Otra subregión en la que se han privilegiado las relaciones bilaterales es el este de Asia. A lo largo de los últimos meses, Arabia Saudí y EAU han suscrito en la zona cuantiosos contratos, más allá de la mera compraventa de hidrocarburos. Su socio principal es China, que acumula cada vez mayor peso en la región, y en menor medida Japón. La mayoría consideran que se hace imperativo aprovechar el potencial de iniciativas como la Nueva Ruta de la Seda china, aunque se ha despertado recientemente el temor a una competición interna por inversiones extranjeras.

El terreno de juego de mayor actualidad, como consecuencia principalmente de la guerra en Yemen, es el Mar Rojo y el Cuerno de África. El protagonismo casi absoluto lo tiene EAU, que ha conseguido acercar a Eritrea y Etiopía y controlar varios puertos (gracias al gigante Dubai Ports), en un ejercicio no sólo comercial sino de énfasis cada vez más militar en Eritrea, Somalia y Djibouti. EAU se erige así como potencia marítima y militar, objetivo de otros países del Golfo. Pero tanto Irán como Catar, Turquía y en menor medida Egipto tienen cada vez más ambiciones fuera de Oriente Próximo, sobre todo en relación con Asía. También pueden en un futuro surgir choques con China, cuyos designios hacia el área se desconocen. La consecuencia inmediata sería alimentar diferencias internas o entre países extremadamente débiles, como Somalia. Otra consecuencia de acciones aisladas sin un marco estratégico definido.

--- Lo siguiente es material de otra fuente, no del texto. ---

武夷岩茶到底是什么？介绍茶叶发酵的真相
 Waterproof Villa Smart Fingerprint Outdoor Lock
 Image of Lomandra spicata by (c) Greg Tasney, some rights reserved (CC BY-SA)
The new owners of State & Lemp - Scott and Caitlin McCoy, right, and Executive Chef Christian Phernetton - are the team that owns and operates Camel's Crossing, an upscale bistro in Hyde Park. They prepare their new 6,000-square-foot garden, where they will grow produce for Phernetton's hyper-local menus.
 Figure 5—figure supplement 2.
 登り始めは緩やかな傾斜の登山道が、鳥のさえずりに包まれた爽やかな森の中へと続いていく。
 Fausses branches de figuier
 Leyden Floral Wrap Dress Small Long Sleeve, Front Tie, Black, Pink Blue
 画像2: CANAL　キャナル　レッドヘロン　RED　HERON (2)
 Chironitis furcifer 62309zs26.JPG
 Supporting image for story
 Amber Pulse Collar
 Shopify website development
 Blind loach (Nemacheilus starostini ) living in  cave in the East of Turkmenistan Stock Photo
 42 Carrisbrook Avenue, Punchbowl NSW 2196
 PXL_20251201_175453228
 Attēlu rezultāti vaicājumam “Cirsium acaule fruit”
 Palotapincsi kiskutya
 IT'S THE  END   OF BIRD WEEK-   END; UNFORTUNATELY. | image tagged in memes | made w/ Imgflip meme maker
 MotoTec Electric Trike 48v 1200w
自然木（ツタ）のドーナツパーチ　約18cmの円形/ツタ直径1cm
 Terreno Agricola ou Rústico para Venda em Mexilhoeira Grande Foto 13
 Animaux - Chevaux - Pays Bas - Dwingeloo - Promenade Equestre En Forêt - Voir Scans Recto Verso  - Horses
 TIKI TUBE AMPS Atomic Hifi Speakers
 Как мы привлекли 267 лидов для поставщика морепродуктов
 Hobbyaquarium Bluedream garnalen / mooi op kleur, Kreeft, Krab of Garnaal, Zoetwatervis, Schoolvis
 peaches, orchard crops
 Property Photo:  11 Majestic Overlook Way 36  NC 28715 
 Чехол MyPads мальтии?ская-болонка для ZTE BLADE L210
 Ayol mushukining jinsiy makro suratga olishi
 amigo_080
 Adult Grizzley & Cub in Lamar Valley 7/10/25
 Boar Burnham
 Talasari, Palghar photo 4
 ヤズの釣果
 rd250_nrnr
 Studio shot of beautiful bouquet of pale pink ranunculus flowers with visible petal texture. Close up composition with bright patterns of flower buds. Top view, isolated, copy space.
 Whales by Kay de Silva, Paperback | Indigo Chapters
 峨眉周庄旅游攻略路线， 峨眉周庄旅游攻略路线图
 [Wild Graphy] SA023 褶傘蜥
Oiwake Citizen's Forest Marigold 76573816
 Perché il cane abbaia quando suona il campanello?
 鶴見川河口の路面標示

Saudíes y emiratíes han logrado evitar los efectos de las primaveras árabes sin tener un plan claro sobre el futuro de la región. Sus proyecciones dependen en gran medida de una visión securitizada de la supervivencia autoritaria desde el punto de vista doméstico. Las revueltas de 2011 dejaron tras de si demandas no satisfechas: la mayoría de los problemas estructurales fermentan en un segundo plano. Las reformas propuestas por los aspirantes a dominar la región, incapaces de responder a estas demandas, podría generar una nueva ola de desequilibrio regional. La capacidad saudí para liderar y apropiarse de la reforma parece dudosa en el mejor de los casos. La represión de cualquier traza de islamismo político cierra las puertas a una «tercera vía» –entre democracia occidental y autoritarismo– futura, necesaria en vista de las demandas articuladas a lo largo de estos últimos años. La historia reciente demuestra que no hay mejor alimento para la inestabilidad en la región a medio y largo plazo.